You can use the catch command to make GDB stop whenever a fork, vfork, or exec call is made. See section Setting Catchpoints.

4.12 Setting a Bookmark to Return to Later

On certain operating systems(3), GDB is able to save a snapshot of a program's state, called a checkpoint, and come back to it later.

Returning to a checkpoint effectively undoes everything that has happened in the program since the checkpoint was saved. This includes changes in memory, registers, and even (within some limits) system state. Effectively, it is like going back in time to the moment when the checkpoint was saved.

Thus, if you're stepping thru a program and you think you're getting close to the point where things go wrong, you can save a checkpoint. Then, if you accidentally go too far and miss the critical statement, instead of having to restart your program from the beginning, you can just go back to the checkpoint and start again from there.

This can be especially useful if it takes a lot of time or steps to reach the point where you think the bug occurs.

To use the checkpoint/restart method of debugging:

checkpoint

Save a snapshot of the debugged program's current execution state. The checkpoint command takes no arguments, but each checkpoint is assigned a small integer id, similar to a breakpoint id.

info checkpoints

List the checkpoints that have been saved in the current debugging session.
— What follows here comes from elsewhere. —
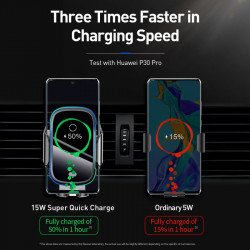 Тримач BASEUS Auto Lock Light Electric Holder with Wireless Charger |15W| (WXHW03-01)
For each checkpoint, the following information will be listed:

Checkpoint ID

Process ID

Code Address

Source line, or label

restart checkpoint-id

Restore the program state that was saved as checkpoint number checkpoint-id. All program variables, registers, stack frames etc. will be returned to the values that they had when the checkpoint was saved. In essence, gdb will "wind back the clock" to the point in time when the checkpoint was saved.

Note that breakpoints, GDB variables, command history etc. are not affected by restoring a checkpoint. In general, a checkpoint only restores things that reside in the program being debugged, not in the debugger.

delete checkpoint checkpoint-id

Delete the previously-saved checkpoint identified by checkpoint-id.

Returning to a previously saved checkpoint will restore the user state of the program being debugged, plus a significant subset of the system (OS) state, including file pointers. It won't "un-write" data from a file, but it will rewind the file pointer to the previous location, so that the previously written data can be overwritten. For files opened in read mode, the pointer will also be restored so that the previously read data can be read again.

Of course, characters that have been sent to a printer (or other external device) cannot be "snatched back", and characters received from eg. a serial device can be removed from internal program buffers, but they cannot be "pushed back" into the serial pipeline, ready to be received again. Similarly, the actual contents of files that have been changed cannot be restored (at this time).

However, within those constraints, you actually can "rewind" your program to a previously saved point in time, and begin debugging it again -- and you can change the course of events so as to debug a different execution path this time.

Finally, there is one bit of internal program state that will be different when you return to a checkpoint -- the program's process id. Each checkpoint will have a unique process id (or pid), and each will be different from the program's original pid. If your program has saved a local copy of its process id, this could potentially pose a problem.

4.12.1 A Non-obvious Benefit of Using Checkpoints

On some systems such as GNU/Linux, address space randomization is performed on new processes for security reasons. This makes it difficult or impossible to set a breakpoint, or watchpoint, on an absolute address if you have to restart the program, since the absolute location of a symbol will change from one execution to the next.

A checkpoint, however, is an identical copy of a process. Therefore if you create a checkpoint at (eg.) the start of main, and simply return to that checkpoint instead of restarting the process, you can avoid the effects of address randomization and your symbols will all stay in the same place.